5.0 étoiles sur 5 LORSQU'UN EX AGENT DÉSABUSÉ TENTE DE SE VENGER DE SES SUPÉRIEURS HIÉRARCHIQUES !, 2 juillet 2015
Ce commentaire fait référence à cette édition : Le Professionnel (DVD)
A mes yeux, "Le Professionnel" est une véritable perle noire étincelante, comme seul le cinéma français de la fin des seventies et du début des heighties, réussi à en accoucher dans l'univers du film policier, car dans ce type de cinéma musclé, on découvrait avec une certaine jubilation, des héros solitaires rendus insaisissables et presque invulnérables, grâce à cette capacité stratégique consistant à posséder une vision globale de la "partie en cours", qui est lancée contre un adversaire souvent retors, mais cela, tout en sachant demeurer toujours humain et moralement juste...

Néanmoins, il est juste d'admettre que ce type de personnages, fascinants et marquants, dépendait fortement de cette façon, dont l'irremplaçable Jean-Paul Belmondo savait maitriser dans tous ses rôles, cette élocution stylée et enlevée et surtout quasi géniale, alliée à cette modulation entre finesse et grandiloquence verbale, que l'on estime toujours située à mi distance, entre une déclamation théâtrale et les paroles précises formulées par un justicier solitaire charismatique et réfléchis !... ^^

Dans son fond et dans sa forme, ce film policier est réellement atypique, car "Le Professionnel" propose un récit d'un incroyable pessimisme politique, qui se retrouve presque automatiquement relié à une réelle noirceur dramatique, car ce récit dépeint la tentative de Jocelyn Beaumont (Jean-Paul Belmondo) - l'as des services secrets français - de mener jusqu'au bout sa vengeance lancée contre ses supérieurs hiérarchiques, après que ceux-ci aient osé trahir leur agent infiltré en territoire "ennemi", en le sacrifiant au nom de la "diplomatie de bonne entente entre la France et un état bananier africain" !

En osant dépeindre la totalité de la classe politicienne française avec une virulence extrême mélangée à du vitriol, alors ce faisant, ce film doté d'une amertume démesurée, arrive à dérober tous les points de repère socio-politiques que devrait posséder le spectateur en temps normal, qui se retrouve dès lors, obligé de se raccrocher de toutes ses forces, sur les seuls épaules robustes que possède cet ex agent, qui fut trahis par ses supérieurs hiérarchiques !...

Avec l'agent secret Jocelyn Beaumont, Jean-Paul Belmondo nous offre un personnage quasi inoubliable, racé à souhait et haut en couleur, bref, il s'agit là d'une vraie gueule cassée qui est prête à mourir, afin de permettre que s'accomplisse l'acte final de son plan de vengeance ambitieux, culotté mais 100% kamikaze !...
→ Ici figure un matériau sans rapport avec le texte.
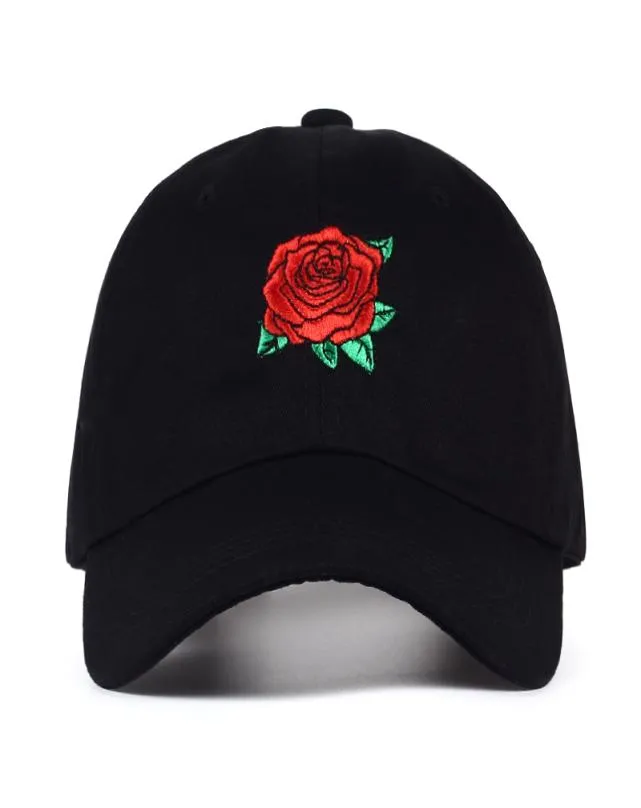 Fashion Roses Men Women Baseball Caps Cappelli da sole Spring Summer For Women Solid Snapback Cap Whole Dad Hat9513047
En outre, on peut considérer que les rides de maturité marquant le visage de Belmondo et l’œil plissé de son personnage Jocelyn Beaumont, savent accentuer à merveille, la noirceur désenchantée et l'amertume globale se dégageant du récit, - à ce niveau, je salue l'idée du metteur en scène Georges Lautner, d'avoir su mettre en place un face à face si dur et si relevé, entre 2 personnages tellement charismatiques et intrigants, incarnés par l'excellent Robert Hossein (l'inspecteur Rosen) et notre Bébel national !... ^^

De plus, il est impossible de ne pas constater que la réussite globale du "Professionnel" résulte de l'association unique et quasi magique, existant entre une musique aussi tragique que belle, et un récit atypique, qui arrive à alterner avec une parfaite cohérence narrative, des scènes porteuses d'un si grand pessimisme politique, avec paradoxalement, des plages d'humours parfois quasi comiques, qui savent alléger le récit, pour faire marrer à gorge déployée le spectateur durant de longues minutes [ cf, la "scène mythique de la gifle", se déroulant dans le bar, entre Jocelyn Beaumont et le teigneux inspecteur Farge ! (Bernard-Pierre Donnadieux) ].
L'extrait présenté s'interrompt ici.